We could probably calculate how much police time this would free up and, with hindsight, it may have been better to use some of the funding that has gone into increasing police numbers to do this instead.
Celebrating twenty years of PCSOs
On September 7, Police Community Support Officers (PCSOs) will have been in existence for 20 years. My good friend and colleague, David Blunkett, was the Home Secretary at the time. I can truthfully say that I have almost never found a community that did not rate their PCSO highly. The PCSO has often been the only stable police officer in many communities and valued accordingly.
PCSOs wear police uniforms, but they are police staff, not warranted officers. They form about 6.8% of all police employees with about one quarter of all PCSOs in the Met.

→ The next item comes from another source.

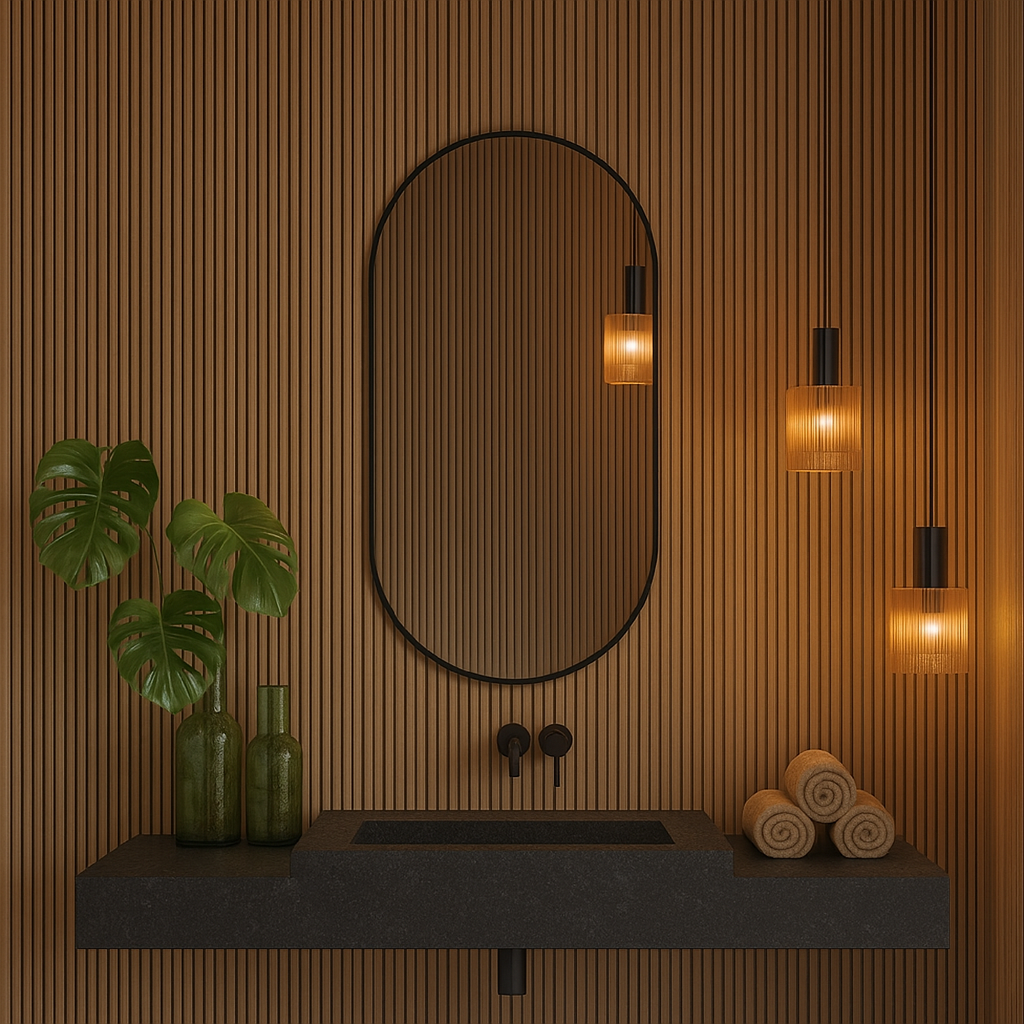 Modern Çerçeveli Oval Duvar Aynası – Dekoratif Banyo ve Salon Aynası Tasarımı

They were not immediately accepted by everyone. Some police officers thought it was a way of having more bodies on the ground without paying for trained, warranted officers. But they soon proved their worth and within seven years they had reached the peak of their numbers at 16,814. Then austerity and the cuts came. Unlike warranted officers, however, they could be made redundant, and some were in order to save money and balance the books during the dark years of austerity. In South Yorkshire, their numbers were reduced though the money saved was used to bolster warranted officer numbers.
PCSOs are part of a neighbourhood team (called at one time Safer Neighbourhood Teams). Over the years they have performed a range of duties: high visibility patrols; tackling anti-social behaviour; crowd control; directing traffic at public events; getting evidence; supporting front-line officers. One of their most important functions has been engagements with communities. This was especially important during the austerity years when neighbourhood teams were subsumed into response teams (to save money) and the PCSO remained the only regular face of the force in communities. Now the neighbourhood teams are being rebuilt and PCSOs take their place in them.
I am sometimes asked why PCSOs are not given powers of arrest. But the consequence of doing this would be that every time they made an arrest, they would have to leave the neighbourhood and go off to a custody suite to process those arrested. The whole point of the PCSO is that they are rooted in their neighbourhood.
In recent years, some PCSOs have chosen to become warranted officers. But next year more will be needed in South Yorkshire and a recruitment drive will begin.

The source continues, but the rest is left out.